■ **EXERCISE AIM**
With the pictures omitted, print exactly the lines below, from the one containing "Corgi,Puppy,Welsh" through the one containing "Conta Valorant com muitas skins e sem elo.", and nothing else.

■ **GIVEN RECORDS**
· · · · ·

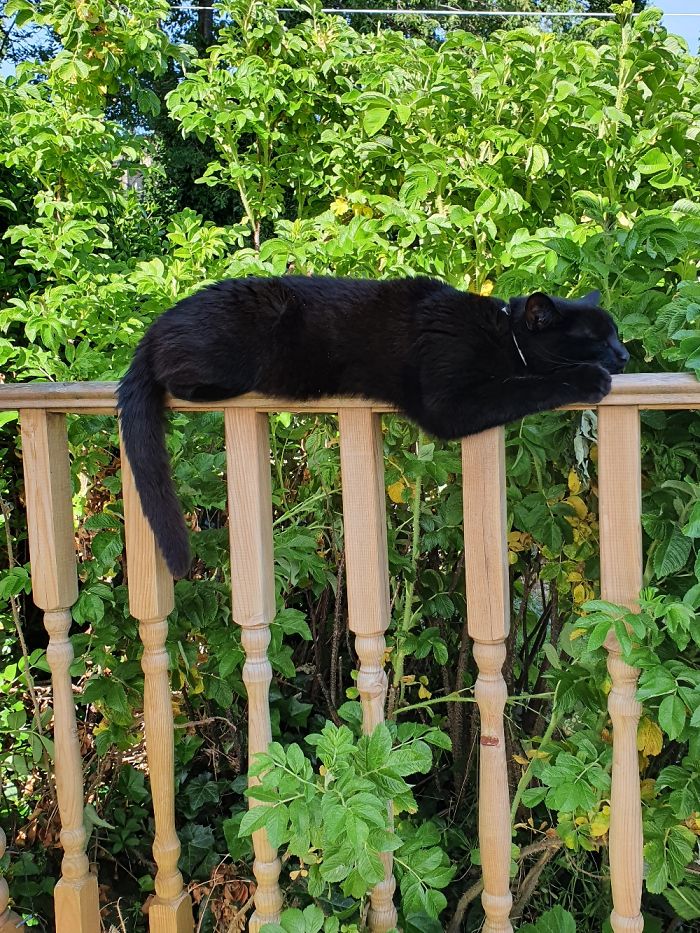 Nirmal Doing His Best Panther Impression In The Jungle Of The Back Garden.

· · · · ·

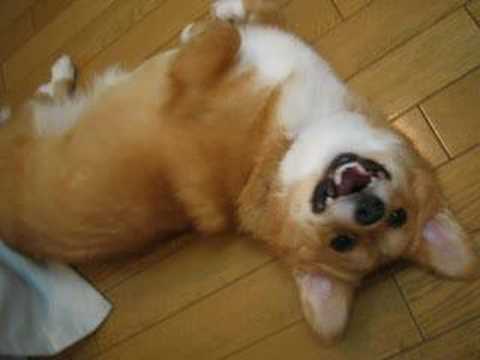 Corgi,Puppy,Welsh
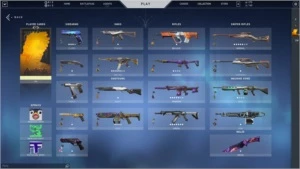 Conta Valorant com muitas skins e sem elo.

· · · · ·

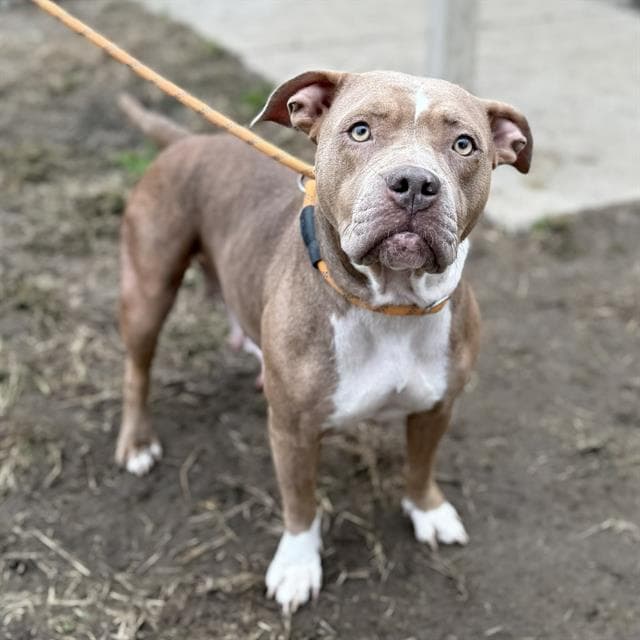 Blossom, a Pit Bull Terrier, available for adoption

· · · · ·

■ **SOLUTION FOR THIS EXERCISE**
 Corgi,Puppy,Welsh
 Conta Valorant com muitas skins e sem elo.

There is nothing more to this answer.